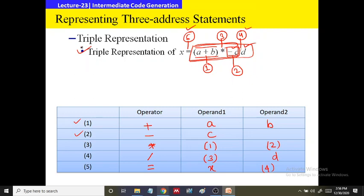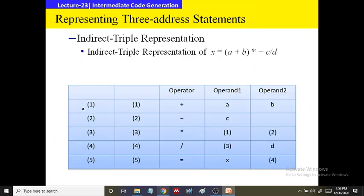In triple representation, we can add extra pointers, giving us indirect triple representation. It is the same as triple representation, but with one extra pointer column added to point to the operand or to point to the sub-expression. This is called indirect triple representation. I hope all of you have got a brief idea regarding intermediate code generation and the different representations of three address statements.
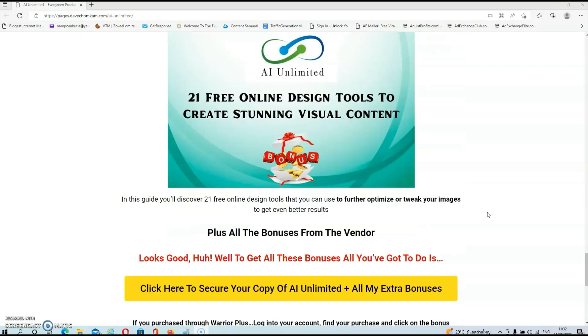And in my last bonus, you'll discover 21 free online design tools that you can use to further optimize or tweak your images to get even better results.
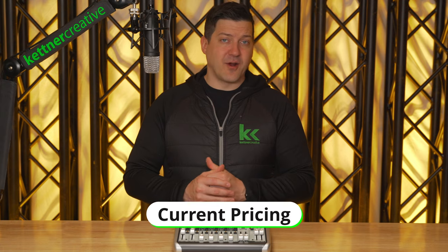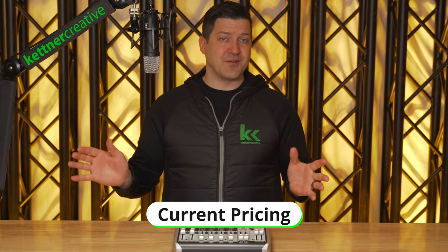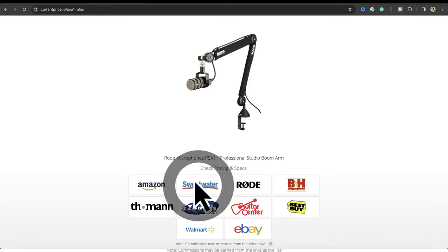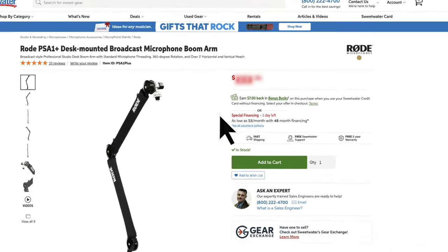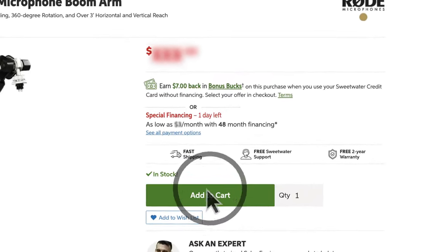If you are looking for pricing or specs for anything you see in this video, we do have links down in the description where you can find everything from a variety of online retailers to make sure that you are getting the best price possible.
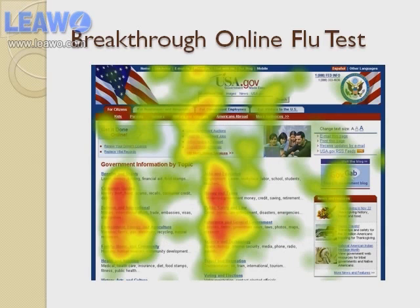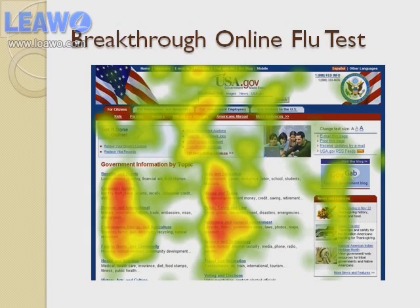Let me show you some slides. The principle behind the test is the Google calorific heat map, which they developed to measure how browsers look at web pages. You can see an example here on this slide — how the browser is looking at different positions.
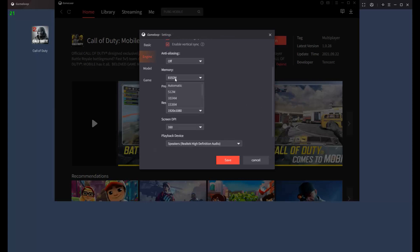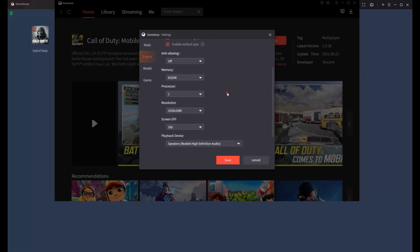I have 20 gigabytes of RAM in my system, so I select 8 gigabytes for my GameLoop. Depending on your system, if you have 8 gigabytes you can select 4 gigabytes for your GameLoop. If you have more RAM in your system you can select 8 gigabytes — this is very important.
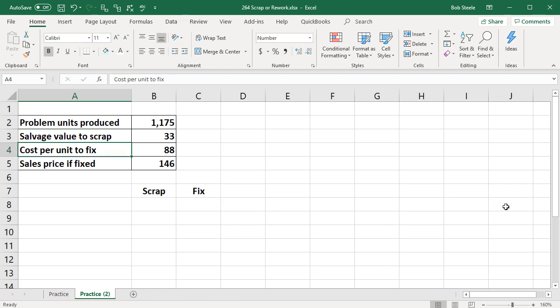Or cost per unit to fix them is going to be $88 for a sales price after they are fixed of $146.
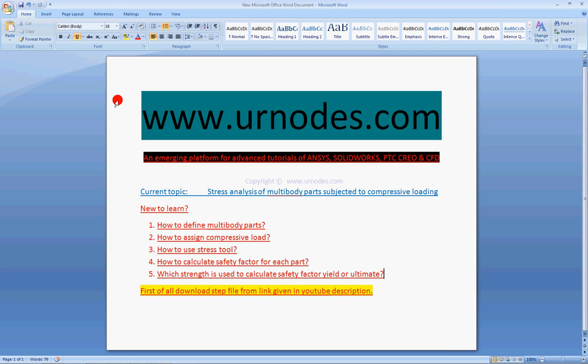Welcome to my YouTube channel MacMart and my website urnodes.com. Today's topic is to perform the stress analysis of multi-body parts subjected to compression loading.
━━━━━━
» EXERCISE BRIEF
Reproduce the listing above exactly from the line containing "And in my last" up to and including the line containing "If you are looking", omitting any images and everything outside those lines.

» TASK RESPONSE
And in my last bonus, you'll discover 21 free online design tools that you can use to further optimize or tweak your images to get even better results.
If you are looking for pricing or specs for anything you see in this video, we do have links down in the description where you can find everything from a variety of online retailers to make sure that you are getting the best price possible.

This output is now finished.